[Dataset items]

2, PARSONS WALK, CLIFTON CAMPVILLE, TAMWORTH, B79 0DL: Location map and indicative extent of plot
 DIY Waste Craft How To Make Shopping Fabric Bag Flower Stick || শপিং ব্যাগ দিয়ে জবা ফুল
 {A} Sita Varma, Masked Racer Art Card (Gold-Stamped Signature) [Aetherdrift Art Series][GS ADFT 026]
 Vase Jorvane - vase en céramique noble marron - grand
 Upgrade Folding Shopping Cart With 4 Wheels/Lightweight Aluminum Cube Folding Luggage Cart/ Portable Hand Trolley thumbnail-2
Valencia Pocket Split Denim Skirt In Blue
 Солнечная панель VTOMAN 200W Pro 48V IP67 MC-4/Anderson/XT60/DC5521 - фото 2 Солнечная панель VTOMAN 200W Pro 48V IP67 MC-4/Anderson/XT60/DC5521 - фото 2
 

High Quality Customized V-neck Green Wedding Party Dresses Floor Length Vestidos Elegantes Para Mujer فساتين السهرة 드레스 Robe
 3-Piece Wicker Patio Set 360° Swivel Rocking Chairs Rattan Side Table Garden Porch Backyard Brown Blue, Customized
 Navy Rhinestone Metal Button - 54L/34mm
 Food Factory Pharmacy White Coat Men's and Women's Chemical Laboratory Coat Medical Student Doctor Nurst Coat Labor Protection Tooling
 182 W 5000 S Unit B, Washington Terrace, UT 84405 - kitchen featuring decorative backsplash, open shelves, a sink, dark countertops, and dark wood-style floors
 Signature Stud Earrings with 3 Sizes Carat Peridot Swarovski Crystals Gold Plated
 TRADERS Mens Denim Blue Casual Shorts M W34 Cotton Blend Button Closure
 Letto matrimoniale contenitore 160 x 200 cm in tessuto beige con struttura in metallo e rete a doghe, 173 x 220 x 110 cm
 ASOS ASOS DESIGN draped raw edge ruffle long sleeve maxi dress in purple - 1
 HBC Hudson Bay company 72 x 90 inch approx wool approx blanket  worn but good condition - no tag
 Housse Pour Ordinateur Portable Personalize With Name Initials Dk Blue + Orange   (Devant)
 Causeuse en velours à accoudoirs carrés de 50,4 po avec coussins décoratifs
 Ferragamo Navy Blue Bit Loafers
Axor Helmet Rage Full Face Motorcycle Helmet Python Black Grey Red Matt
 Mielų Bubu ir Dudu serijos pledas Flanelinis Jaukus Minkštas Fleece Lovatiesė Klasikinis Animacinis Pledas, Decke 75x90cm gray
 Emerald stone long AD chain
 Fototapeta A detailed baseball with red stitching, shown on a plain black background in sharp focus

• **YOUR INSTRUCTIONS**
In the records above, find each line holding "Button" and copy it.

• **OUTPUT FOR THIS TASK**
 Navy Rhinestone Metal Button - 54L/34mm
 TRADERS Mens Denim Blue Casual Shorts M W34 Cotton Blend Button Closure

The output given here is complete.